Limes (Recipe: lime curd)
Persian limes (also known as Tahiti limes) come from Mexico.
And India and Brazil and Spain and Turkey and Chile and, yes, from Iran (also known as Persia).
Talk about an identity crisis.
Persian limes, on the other hand, have a designated parking space on my countertop. Not only are they indispensable for ceviche, but also they're fundamental to papaya-coconut cupcakes, tortilla chips, sweet chili lime prawns, ginger-lime-sweet potato soup, lime roast chicken and lime-honey madeleines. A squeeze of lime juice tops every fruit salad I make, too.
When choosing limes, look for fruits that are firm, bright green, and heavy for their size. Although limes turn more yellow as they ripen, they are at their peak of flavor when they're most green.
Store limes at room temperature for up to a week, or in the refrigerator, in a plastic bag, for up to two weeks. You can freeze lime juice (most conveniently in an ice cube tray), or lime zest; be sure to dry the zest for a bit before freezing it in a plastic bag.
To extract the most juice from a lime, either roll it back and forth on the countertop with the palm of your hand, or place it in a microwave for ten seconds. Warm limes give up more juice than cold ones, so this is especially helpful if your limes were stored in the refrigerator.
Limes are famous for preventing scurvy and cleansing infections, and slightly less famous for triggering margarita dermatitis.
I'll think I'll stick to limeade.
After extensive testing, Ted proclaimed the original version of this recipe, sent to me by a Pantry reader, the best he'd ever made.

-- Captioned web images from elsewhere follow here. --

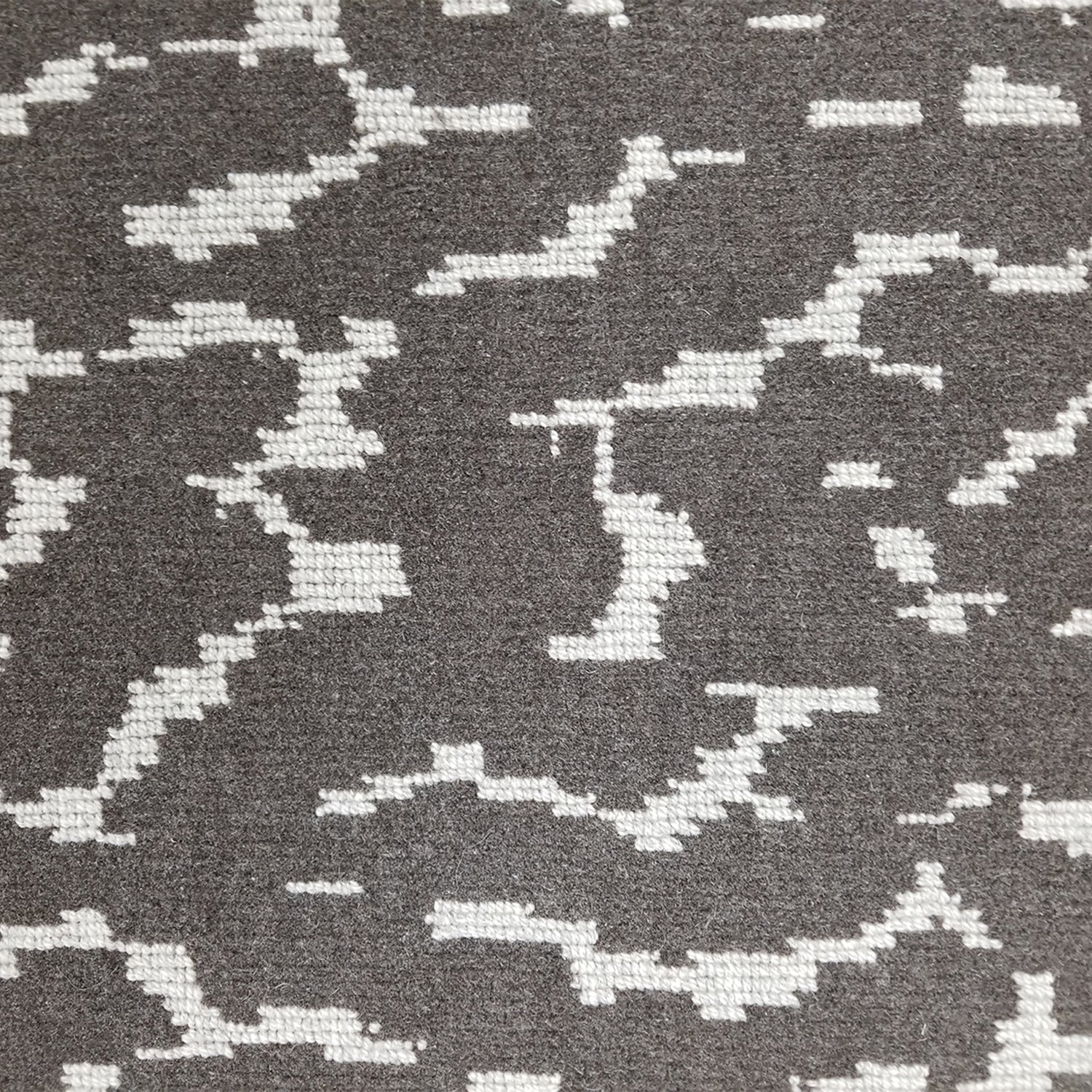 Wool broadloom carpet swatch in a woven cloud pattern in dark gray with light gray accents.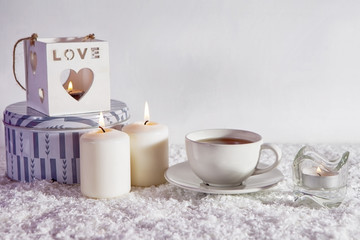 wooden white candlestick, candles, cup of tea and wooden horse on white artificial snow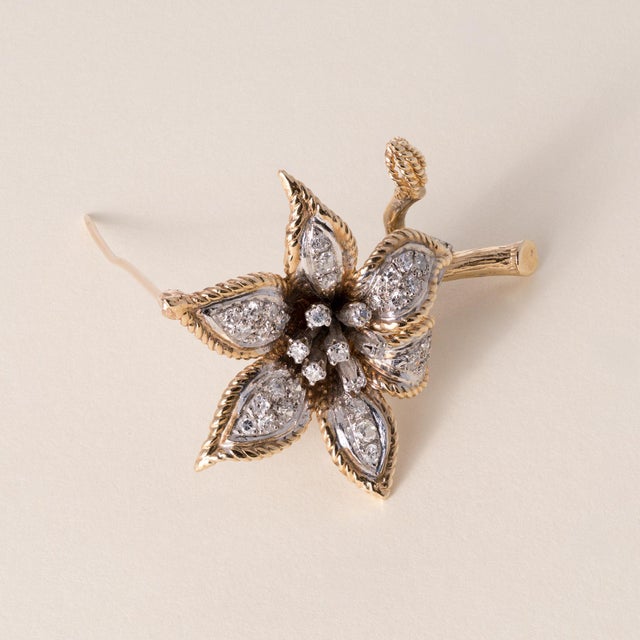 Vintage Floral Diamond Brooch 14K Two-Tone Gold | Circa 1960s This elegant vintage brooch from the 1960s beautifully...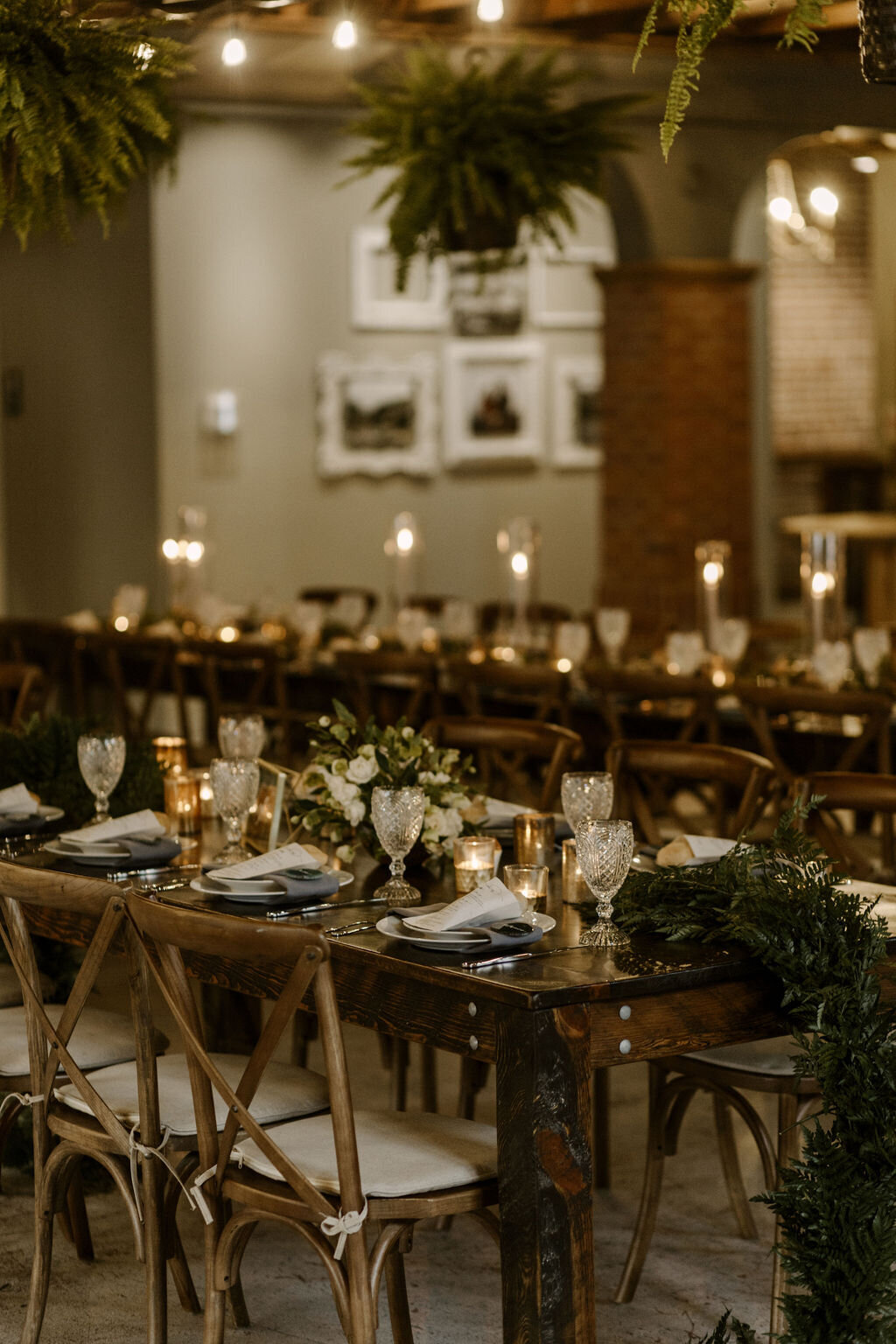 Wedding reception tables with greenery, candles and gray napkins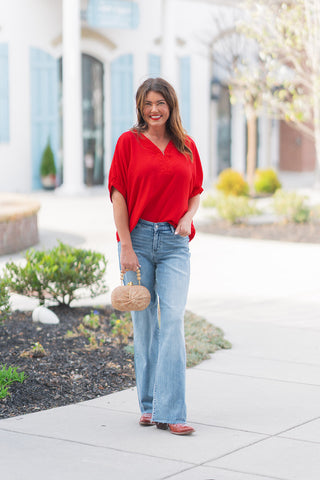 A woman smiling outdoors wearing the Judy Blue V-Line Vault Jeans, a pair of medium-wash baggy streetwear jeans. She has styled the high-rise, V-front denim with a vibrant red short-sleeved blouse, brown western-style boots, and a small straw clutch with a beaded handle. The jeans feature a relaxed silhouette and a subtle raw-edge hem.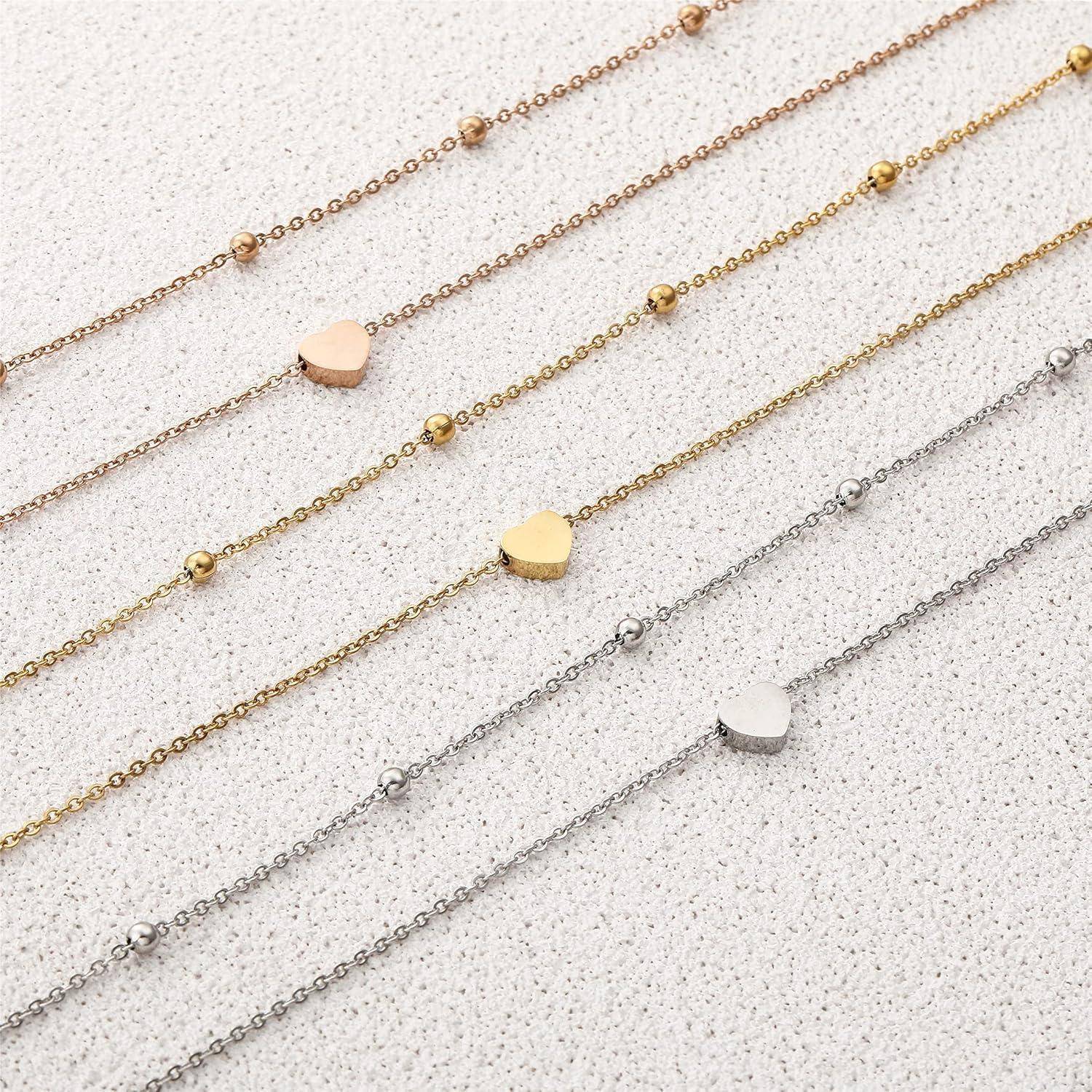Fünf zarte Kettenarmbänder in Gold, Roségold und Silber, jedes mit kleinen Perlenakzenten und herzförmigen Anhängern auf einem hell strukturierten Hintergrund.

So, I thought, why not try it with lime? Use this sweet-tart curd as a filling for mini phyllo shells, slather it on pound cake or waffles, or eat it right from the jar with a spoon.
1/2 cup butter
1-1/2 cups sugar
1/2 cup lime juice
Grated zest of two limes
6 eggs, lightly beaten
Put all ingredients, except eggs, into double boiler over simmering water. When butter has melted and before mixture is too warm, gradually whisk in the beaten eggs. Cook, stirring constantly, until thickened to consistency of instant pudding, at least 10-15 minutes. Remove from heat and cool for a while. Then place in a container, cover, and store in the refrigerator.